[Opening Data section]

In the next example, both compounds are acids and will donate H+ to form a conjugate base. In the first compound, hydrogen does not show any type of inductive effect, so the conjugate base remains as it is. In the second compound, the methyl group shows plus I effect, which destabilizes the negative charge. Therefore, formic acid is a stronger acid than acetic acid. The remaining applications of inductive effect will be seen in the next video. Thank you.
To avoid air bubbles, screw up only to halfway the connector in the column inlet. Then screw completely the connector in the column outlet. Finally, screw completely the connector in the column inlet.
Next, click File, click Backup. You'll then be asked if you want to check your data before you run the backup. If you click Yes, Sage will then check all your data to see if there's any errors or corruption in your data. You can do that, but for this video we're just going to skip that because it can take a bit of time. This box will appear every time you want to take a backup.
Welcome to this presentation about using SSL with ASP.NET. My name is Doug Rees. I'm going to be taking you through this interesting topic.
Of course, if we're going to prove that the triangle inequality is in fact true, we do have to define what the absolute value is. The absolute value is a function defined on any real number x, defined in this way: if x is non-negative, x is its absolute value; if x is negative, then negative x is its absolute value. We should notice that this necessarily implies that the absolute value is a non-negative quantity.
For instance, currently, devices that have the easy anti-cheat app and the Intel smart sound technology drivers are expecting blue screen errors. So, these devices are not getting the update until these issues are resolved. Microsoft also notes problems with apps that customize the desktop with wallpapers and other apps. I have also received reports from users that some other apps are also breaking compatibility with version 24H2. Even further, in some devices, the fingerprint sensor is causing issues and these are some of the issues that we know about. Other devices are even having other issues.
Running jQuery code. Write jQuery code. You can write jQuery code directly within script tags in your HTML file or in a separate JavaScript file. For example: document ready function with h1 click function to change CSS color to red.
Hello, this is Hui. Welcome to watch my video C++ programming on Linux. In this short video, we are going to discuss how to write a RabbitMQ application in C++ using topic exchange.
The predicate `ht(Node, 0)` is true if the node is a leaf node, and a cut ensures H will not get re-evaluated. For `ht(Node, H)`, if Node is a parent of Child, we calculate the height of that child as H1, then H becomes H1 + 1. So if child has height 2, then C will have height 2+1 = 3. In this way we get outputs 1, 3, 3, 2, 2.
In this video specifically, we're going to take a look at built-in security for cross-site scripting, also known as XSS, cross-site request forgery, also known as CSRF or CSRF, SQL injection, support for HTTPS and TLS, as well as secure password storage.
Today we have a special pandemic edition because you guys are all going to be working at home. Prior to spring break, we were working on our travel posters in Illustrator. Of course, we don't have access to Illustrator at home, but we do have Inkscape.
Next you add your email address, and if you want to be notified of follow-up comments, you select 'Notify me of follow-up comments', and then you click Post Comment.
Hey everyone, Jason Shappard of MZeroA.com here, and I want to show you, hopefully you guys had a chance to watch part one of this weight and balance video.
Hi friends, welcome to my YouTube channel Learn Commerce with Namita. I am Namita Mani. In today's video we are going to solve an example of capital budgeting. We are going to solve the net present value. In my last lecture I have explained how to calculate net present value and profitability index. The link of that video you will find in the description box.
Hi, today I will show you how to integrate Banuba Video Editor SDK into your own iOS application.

[Closing Data section]

Problem details
The answer is the line holding "Hi friends, welcome" and all the lines after it through the end of the records, repeated exactly.

The answer
Hi friends, welcome to my YouTube channel Learn Commerce with Namita. I am Namita Mani. In today's video we are going to solve an example of capital budgeting. We are going to solve the net present value. In my last lecture I have explained how to calculate net present value and profitability index. The link of that video you will find in the description box.
Hi, today I will show you how to integrate Banuba Video Editor SDK into your own iOS application.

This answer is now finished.